#### The data ####

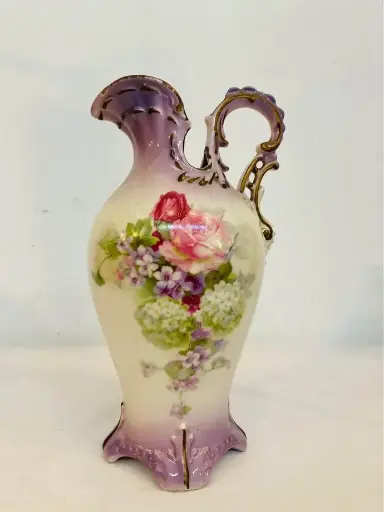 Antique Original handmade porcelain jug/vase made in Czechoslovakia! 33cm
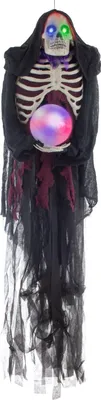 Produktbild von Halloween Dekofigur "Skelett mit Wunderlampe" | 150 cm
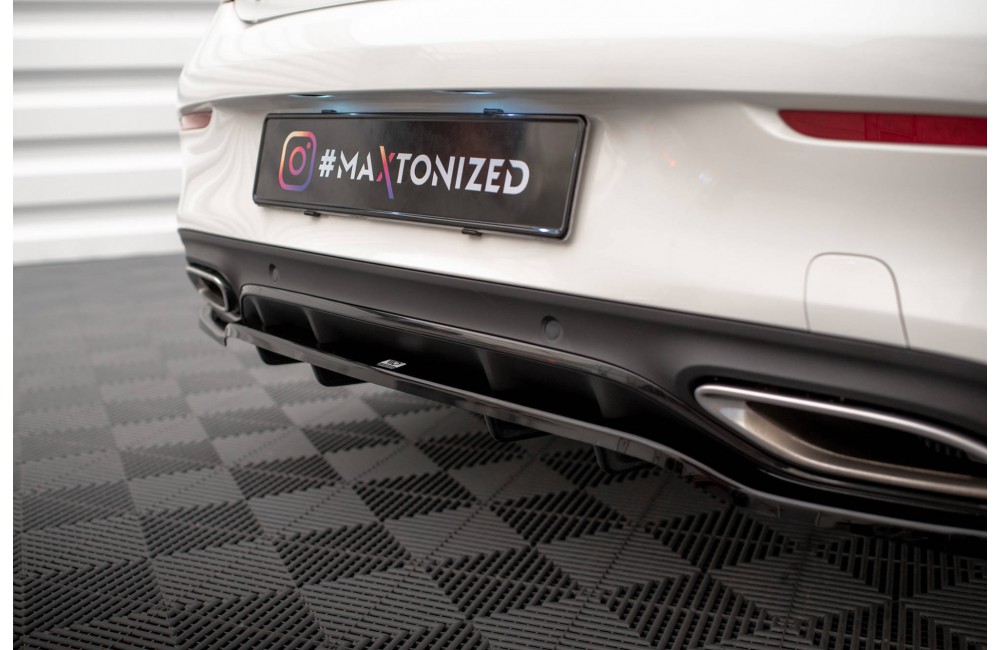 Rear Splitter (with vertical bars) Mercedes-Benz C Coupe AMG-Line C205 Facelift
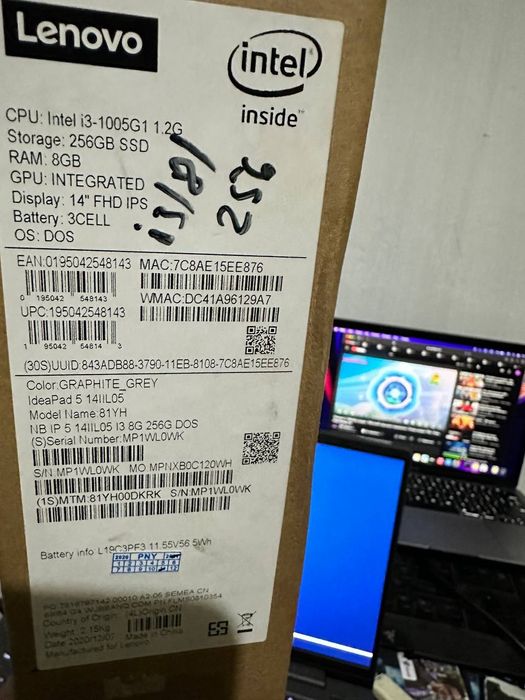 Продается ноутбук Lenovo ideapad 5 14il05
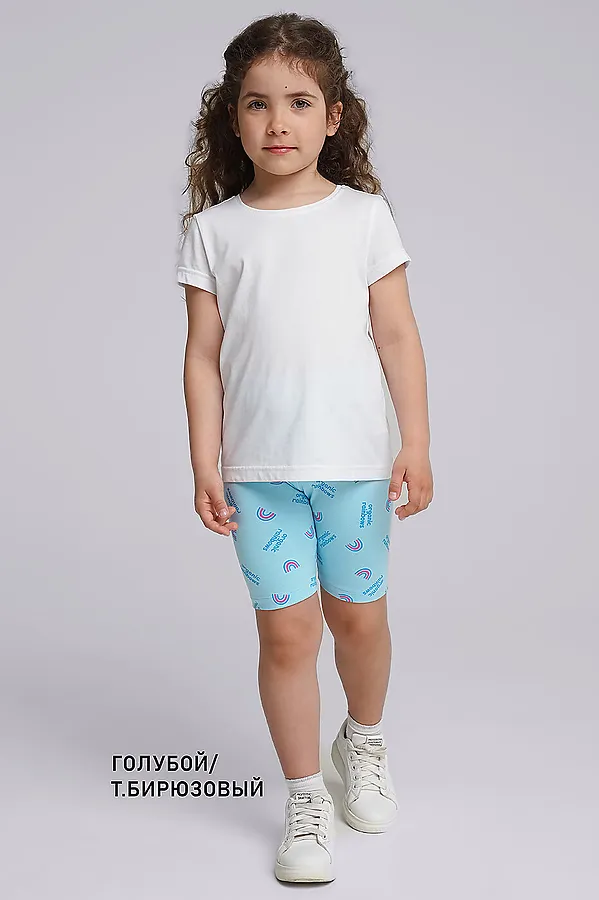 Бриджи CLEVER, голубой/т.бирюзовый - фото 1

####
#### The data ####

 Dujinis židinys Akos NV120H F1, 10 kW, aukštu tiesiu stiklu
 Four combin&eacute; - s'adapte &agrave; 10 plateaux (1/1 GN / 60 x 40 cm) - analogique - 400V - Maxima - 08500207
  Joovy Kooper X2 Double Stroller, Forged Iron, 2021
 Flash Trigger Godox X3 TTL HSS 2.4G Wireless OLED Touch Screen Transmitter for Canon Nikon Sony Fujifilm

####

#### Directions for this task
Keep to the lines above from the line with "Antique Original handmade" to the line with "Бриджи CLEVER, голубой/т.бирюзовый - фото 1", and set down exactly those, inclusive, with nothing else and every picture left out.

#### Response to this task
 Antique Original handmade porcelain jug/vase made in Czechoslovakia! 33cm
 Produktbild von Halloween Dekofigur "Skelett mit Wunderlampe" | 150 cm
 Rear Splitter (with vertical bars) Mercedes-Benz C Coupe AMG-Line C205 Facelift
 Продается ноутбук Lenovo ideapad 5 14il05
 Бриджи CLEVER, голубой/т.бирюзовый - фото 1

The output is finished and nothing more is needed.